Vanessa Bell - Hyde Park Gate, London, UK
Posted by: Groundspeak Regular Member Master Mariner
N 51° 29.966 W 000° 10.882
30U E 695633 N 5709133
This blue plaque indicates that the artist Vanessa Bell (Vanessa Stephen) was "born and lived here until 1904". The plaque is attached to a building at the southern end of Hyde Park Gate on the east side and is one of three blue plaques.
Waymark Code: WMRA2Y
Location: London, United Kingdom
Date Posted: 05/30/2016
Published By:Groundspeak Premium Member bluesnote
Views: 1

Wikipedia has an article about Vanessa Bell that advises:

Vanessa Bell (née Stephen; 30 May 1879 – 7 April 1961) was an English painter and interior designer, a member of the Bloomsbury Group and the sister of Virginia Woolf.

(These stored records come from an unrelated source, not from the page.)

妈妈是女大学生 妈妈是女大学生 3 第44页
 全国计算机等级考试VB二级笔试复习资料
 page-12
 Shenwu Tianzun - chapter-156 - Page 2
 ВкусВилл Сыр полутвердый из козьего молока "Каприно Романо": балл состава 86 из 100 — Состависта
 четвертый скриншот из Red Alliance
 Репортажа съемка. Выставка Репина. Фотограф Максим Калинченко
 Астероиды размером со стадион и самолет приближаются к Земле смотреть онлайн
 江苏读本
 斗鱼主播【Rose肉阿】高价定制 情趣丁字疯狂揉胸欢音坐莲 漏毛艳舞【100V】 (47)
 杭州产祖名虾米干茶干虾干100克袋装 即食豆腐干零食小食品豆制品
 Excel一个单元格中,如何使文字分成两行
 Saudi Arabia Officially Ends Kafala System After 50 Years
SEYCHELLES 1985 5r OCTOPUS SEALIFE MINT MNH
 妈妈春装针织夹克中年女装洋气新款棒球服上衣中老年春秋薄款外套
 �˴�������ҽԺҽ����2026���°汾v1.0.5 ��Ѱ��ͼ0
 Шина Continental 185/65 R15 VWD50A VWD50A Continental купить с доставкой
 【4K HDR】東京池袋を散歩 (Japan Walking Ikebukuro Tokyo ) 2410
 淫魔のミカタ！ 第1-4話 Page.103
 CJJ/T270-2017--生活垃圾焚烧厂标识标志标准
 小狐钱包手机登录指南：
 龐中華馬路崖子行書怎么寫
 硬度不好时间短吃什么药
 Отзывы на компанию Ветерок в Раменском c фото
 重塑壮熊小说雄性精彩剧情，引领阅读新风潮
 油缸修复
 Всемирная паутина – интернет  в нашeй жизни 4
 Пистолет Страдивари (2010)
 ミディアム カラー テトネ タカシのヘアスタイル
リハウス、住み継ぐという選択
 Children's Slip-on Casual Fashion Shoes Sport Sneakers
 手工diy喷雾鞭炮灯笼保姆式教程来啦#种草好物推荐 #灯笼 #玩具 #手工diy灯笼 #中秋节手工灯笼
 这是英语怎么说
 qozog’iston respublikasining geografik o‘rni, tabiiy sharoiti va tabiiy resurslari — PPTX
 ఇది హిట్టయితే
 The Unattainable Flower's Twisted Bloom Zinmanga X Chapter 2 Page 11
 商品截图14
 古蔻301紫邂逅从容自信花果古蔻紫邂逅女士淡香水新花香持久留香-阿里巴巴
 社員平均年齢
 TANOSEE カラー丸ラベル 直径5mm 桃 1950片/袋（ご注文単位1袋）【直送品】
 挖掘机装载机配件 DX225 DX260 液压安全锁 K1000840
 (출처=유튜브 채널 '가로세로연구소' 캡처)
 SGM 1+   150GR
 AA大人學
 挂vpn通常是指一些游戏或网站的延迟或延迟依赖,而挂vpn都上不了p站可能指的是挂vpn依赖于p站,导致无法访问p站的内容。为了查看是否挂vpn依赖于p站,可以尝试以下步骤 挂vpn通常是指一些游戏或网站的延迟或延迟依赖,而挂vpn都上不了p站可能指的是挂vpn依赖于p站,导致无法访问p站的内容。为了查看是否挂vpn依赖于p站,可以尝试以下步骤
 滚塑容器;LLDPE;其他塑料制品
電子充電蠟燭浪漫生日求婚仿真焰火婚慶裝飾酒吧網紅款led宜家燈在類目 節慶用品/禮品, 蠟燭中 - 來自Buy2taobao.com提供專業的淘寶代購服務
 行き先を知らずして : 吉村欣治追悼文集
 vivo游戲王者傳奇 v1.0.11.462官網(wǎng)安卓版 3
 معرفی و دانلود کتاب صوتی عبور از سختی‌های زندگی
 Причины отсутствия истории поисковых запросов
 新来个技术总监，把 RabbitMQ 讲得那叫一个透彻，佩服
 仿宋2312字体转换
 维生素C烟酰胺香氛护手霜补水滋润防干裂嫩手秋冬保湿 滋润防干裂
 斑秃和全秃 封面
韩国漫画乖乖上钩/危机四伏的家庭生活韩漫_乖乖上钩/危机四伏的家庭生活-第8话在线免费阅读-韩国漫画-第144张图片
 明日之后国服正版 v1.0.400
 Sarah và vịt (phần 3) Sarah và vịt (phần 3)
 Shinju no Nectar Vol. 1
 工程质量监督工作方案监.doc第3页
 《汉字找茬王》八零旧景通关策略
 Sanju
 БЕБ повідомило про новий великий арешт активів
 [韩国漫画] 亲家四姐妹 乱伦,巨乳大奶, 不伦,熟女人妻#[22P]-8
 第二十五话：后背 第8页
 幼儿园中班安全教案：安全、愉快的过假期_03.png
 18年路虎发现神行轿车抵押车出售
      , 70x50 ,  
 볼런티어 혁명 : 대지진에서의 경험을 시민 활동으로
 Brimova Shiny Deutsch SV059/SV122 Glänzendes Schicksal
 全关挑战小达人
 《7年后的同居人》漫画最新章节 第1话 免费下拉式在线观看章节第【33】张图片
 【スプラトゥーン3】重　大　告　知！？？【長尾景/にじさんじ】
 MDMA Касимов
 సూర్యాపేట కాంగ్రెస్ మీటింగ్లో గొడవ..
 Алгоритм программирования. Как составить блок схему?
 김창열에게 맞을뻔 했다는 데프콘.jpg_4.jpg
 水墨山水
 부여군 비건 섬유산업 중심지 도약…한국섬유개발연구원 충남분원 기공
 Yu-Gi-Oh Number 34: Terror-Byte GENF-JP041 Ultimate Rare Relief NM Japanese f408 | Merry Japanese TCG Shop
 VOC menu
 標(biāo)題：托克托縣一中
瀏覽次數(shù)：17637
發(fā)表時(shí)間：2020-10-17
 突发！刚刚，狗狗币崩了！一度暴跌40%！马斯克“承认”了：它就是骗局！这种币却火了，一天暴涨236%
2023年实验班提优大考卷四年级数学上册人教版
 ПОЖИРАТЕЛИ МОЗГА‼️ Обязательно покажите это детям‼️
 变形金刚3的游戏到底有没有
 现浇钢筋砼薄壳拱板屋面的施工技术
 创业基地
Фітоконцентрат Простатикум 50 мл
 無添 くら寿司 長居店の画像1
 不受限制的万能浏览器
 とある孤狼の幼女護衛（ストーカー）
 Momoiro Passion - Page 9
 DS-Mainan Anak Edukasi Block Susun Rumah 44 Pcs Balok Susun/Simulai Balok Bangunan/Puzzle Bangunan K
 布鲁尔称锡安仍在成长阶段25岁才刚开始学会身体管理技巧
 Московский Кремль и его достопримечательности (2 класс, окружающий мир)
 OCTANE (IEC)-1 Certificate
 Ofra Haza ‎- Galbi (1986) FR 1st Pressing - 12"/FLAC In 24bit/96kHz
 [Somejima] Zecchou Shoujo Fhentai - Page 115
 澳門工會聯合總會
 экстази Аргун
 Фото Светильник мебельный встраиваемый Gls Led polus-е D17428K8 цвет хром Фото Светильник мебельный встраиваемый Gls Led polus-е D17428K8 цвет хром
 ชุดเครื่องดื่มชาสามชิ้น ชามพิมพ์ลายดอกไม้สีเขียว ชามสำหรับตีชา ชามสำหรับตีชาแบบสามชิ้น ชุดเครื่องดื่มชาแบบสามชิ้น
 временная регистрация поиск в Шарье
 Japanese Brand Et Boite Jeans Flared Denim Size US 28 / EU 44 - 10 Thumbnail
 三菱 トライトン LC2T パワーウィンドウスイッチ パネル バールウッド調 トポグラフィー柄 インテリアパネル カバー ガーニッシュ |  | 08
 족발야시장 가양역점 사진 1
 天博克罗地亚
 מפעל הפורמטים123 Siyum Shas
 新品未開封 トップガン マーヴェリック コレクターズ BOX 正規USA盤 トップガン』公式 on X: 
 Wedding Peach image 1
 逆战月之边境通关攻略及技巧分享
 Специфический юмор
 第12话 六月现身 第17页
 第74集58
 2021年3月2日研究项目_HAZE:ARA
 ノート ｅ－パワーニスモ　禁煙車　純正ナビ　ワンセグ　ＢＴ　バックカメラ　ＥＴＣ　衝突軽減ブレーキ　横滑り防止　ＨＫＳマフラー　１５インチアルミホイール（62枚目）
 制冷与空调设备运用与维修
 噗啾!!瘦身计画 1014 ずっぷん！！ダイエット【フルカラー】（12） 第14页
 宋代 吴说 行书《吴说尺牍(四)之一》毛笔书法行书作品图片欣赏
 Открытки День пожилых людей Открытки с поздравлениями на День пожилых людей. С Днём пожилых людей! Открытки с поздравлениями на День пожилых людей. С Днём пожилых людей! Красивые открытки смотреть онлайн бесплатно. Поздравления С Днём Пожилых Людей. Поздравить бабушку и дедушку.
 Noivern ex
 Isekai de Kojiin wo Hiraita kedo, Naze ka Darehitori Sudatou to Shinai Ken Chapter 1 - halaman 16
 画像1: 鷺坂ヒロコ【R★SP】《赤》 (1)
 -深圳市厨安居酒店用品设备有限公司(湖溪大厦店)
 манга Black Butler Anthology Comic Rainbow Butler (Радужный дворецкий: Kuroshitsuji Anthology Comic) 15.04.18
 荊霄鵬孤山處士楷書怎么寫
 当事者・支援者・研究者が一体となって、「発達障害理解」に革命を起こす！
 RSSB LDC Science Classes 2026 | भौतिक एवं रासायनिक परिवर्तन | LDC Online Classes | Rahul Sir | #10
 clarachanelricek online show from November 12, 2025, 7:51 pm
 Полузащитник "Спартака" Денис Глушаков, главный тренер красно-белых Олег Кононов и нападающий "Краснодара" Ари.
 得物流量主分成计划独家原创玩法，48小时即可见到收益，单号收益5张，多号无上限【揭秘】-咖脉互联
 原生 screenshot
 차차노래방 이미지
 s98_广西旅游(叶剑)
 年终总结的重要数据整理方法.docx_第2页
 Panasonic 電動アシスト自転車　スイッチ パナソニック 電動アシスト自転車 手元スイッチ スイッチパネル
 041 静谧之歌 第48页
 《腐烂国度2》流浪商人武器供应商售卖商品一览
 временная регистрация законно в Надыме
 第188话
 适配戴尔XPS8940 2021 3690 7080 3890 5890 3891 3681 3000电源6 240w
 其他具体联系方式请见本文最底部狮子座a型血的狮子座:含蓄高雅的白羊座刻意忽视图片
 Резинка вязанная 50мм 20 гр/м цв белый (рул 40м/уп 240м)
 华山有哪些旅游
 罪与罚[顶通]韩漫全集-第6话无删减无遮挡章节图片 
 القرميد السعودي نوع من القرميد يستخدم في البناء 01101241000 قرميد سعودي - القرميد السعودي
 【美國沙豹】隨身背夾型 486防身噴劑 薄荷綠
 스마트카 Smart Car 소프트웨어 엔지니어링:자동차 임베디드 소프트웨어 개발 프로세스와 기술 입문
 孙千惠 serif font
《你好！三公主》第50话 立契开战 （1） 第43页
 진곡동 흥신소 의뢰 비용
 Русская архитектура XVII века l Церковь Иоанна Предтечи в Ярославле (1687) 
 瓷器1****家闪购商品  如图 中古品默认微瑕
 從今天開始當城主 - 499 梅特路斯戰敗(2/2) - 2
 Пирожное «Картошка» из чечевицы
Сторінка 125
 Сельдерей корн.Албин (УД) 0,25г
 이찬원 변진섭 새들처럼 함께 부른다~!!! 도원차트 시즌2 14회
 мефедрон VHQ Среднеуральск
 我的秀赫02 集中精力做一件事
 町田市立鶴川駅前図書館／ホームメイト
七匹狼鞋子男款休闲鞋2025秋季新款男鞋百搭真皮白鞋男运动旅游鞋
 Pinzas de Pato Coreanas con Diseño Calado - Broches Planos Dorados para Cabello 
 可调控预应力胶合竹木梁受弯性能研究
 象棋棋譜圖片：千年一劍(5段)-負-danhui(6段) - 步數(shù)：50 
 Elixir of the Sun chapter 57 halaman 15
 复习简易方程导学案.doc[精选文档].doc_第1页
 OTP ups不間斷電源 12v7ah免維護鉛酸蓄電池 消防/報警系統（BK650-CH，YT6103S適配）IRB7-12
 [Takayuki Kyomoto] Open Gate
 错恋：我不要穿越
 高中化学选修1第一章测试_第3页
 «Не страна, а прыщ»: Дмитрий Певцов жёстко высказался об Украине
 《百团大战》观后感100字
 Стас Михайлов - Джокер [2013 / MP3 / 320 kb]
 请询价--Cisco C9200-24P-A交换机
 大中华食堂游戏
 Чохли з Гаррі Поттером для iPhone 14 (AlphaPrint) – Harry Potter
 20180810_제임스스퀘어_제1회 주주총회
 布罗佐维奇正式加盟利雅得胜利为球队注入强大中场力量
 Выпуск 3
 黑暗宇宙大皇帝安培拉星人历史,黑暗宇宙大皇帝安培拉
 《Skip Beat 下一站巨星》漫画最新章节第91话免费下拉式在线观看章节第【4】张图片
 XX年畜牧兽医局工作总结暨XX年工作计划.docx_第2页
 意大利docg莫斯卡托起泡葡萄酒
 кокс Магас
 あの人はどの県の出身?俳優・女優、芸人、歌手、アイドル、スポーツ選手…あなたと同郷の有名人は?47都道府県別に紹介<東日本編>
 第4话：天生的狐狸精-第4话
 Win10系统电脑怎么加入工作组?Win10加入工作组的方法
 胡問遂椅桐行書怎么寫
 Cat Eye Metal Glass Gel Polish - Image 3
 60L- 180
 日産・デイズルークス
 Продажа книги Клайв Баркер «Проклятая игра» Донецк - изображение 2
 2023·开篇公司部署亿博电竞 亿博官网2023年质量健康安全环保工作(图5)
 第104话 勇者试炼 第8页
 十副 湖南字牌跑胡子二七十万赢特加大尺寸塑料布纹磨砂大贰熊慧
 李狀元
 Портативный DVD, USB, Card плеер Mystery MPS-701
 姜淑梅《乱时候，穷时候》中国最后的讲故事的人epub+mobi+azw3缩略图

Vanessa Stephen was the eldest daughter of Sir Leslie Stephen and Julia Prinsep Duckworth (1846–1895). The family, including her sister Virginia; brothers Thoby (1880–1906) and Adrian (1883–1948), and half-brothers, George and Gerald Duckworth, lived at 22 Hyde Park Gate, Westminster, London. She was educated at home in languages, mathematics and history, and took drawing lessons from Ebenezer Cook before she attended Sir Arthur Cope's art school in 1896, and then studied painting at the Royal Academy in 1901.

In later life she alleged that during her childhood she had been sexually molested by her half-brothers, George and Gerald Duckworth.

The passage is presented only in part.